- Interactive map of De Lorenzo's Tomato Pies

Restaurant information
- Established: 1947
- Food type: Italian
- Location: 2350 Route 33 #105, Robbinsville, New Jersey, 08691 08629 08611, United States
- Other locations: 530 Hudson St., Trenton, NJ*(closed)
- Website: www.delorenzostomatopies.com

= De Lorenzo's Tomato Pies =

De Lorenzo's Tomato Pies is a pizzeria that sells Trenton tomato pies in Robbinsville, New Jersey. It was founded in 1936 by Alexander "Chick" De Lorenzo and officially established in 1947 in Trenton, New Jersey. Since then it expanded to another location in Robbinsville in late 2007 and closed its original location in Trenton. It is the third oldest pizzeria in New Jersey that sells tomato pies after Papa's Tomato Pies and Joe's Tomato Pies.

==History==

Alexander "Chick" De Lorenzo established De Lorenzo's Tomato Pies in 1947. Zagat Survey reviews give it high marks for quality and taste, it is a top pick on review site Roadfood.com, and is now considered a landmark in New Jersey. De Lorenzo's Tomato Pies opens at 4:00 pm and primarily serves dinner. De Lorenzo's is closed on Mondays. Tomato pies are the featured item on the menu, but De Lorenzo's also offers salads and seasonal specials. De Lorenzo's offers many toppings such as: basil, garlic, anchovies, artichokes, black olives, broccoli, cherry peppers, hot peppers, mushrooms, onions, roasted peppers, spinach, sweet peppers, sausage, pepperoni, clams, homemade meatballs, and italian tuna. Lines can grow to over 50 people before the restaurant opens. F. Scott and Zelda New Jersey Restaurant and Wine Critics described De Lorenzo's as a never disappointing meal.
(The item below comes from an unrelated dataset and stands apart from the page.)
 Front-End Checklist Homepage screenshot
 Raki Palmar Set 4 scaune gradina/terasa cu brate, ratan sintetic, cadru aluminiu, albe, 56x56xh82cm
Sam Amico, Alexander's grandson, has taken over the company after the passing of Alexander. F. Scott and Zelda praises the new ownership as "a world class establishment".

The restaurant was frequented by Supreme Court Justice Samuel Alito in his student days. Alito considered De Lorenzo's a favorite restaurant. Other past patrons include Frank Sinatra, Luciano Pavarotti, and Joe DiMaggio.

New York Times food critic, Karla Cook, gave the restaurant a "Very Good", citing the excellent quality of the clam pie, canned whole baby clams, and the pepperoni and mushroom as a classic. She was, however, critical of the atmosphere citing that it was too crowded.

In December 2011, the restaurant's ownership announced the impending closing of its original Trenton 530 Hudson Street location on January 15, 2012, as reported on NJ.com.

In 2018, De Lorenzo's opened a second location in Yardley, Pennsylvania.